Abstract :
Density and accuracy of network entity landmarks are an important foundation of IP geolocation. For the existing problems of the limited quantity and low reliability of landmarks mined by current landmark mining methods, an algorithm of city-level landmark mining based on Internet forum is proposed in this paper. Firstly, the basic principle of Web-Based landmark mining methods and their existing flaws are analyzed, and then according to existing a huge amount of individual IP addresses in the Internet forums, a technical framework of network entity landmark mining based on the Internet forum is given, Next, the Internet forum selection strategy, IP addresses extraction, IP addresses screening and other major processing steps are described respectively for two major parts of the framework, including landmark extraction algorithm and landmark evaluation algorithm.
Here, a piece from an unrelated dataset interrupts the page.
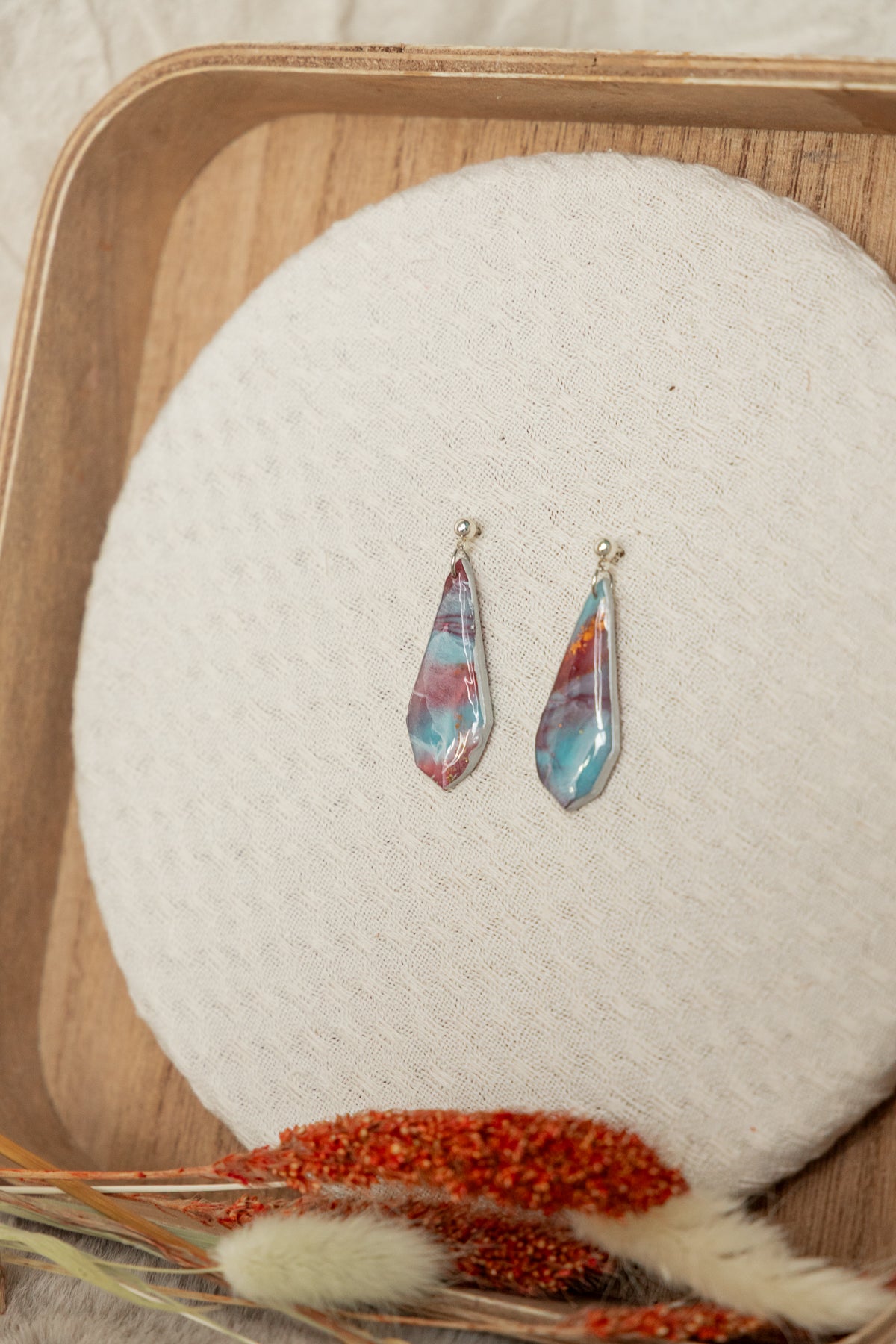 oorbellen van klei, klei oorbellen, sieraden, handgemaakte sieraden, statement sieraden, dames oorbellen, zilver oorbellen, roestvrijstaal sieraden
The classic GeoTrack, a network entity geolocation algorithm, is improved and used for evaluating the candidate landmarks. Finally, the feasibility of our framework and algorithm are studied from 2 aspects: forum selection strategy, and Forum-Based landmark mining algorithm. Experimental results based on 27 Internet forums of 3 types forums in 3 cities show that compared with the classic Web-Based landmark mining methods, the proposed algorithm can not only mine huge amounts of city-level landmarks, but also improve the city-level network entity geolocation accuracy obviously.
Keywords :
"IP networks","Geology","Web servers","Reliability","Data mining","HTML"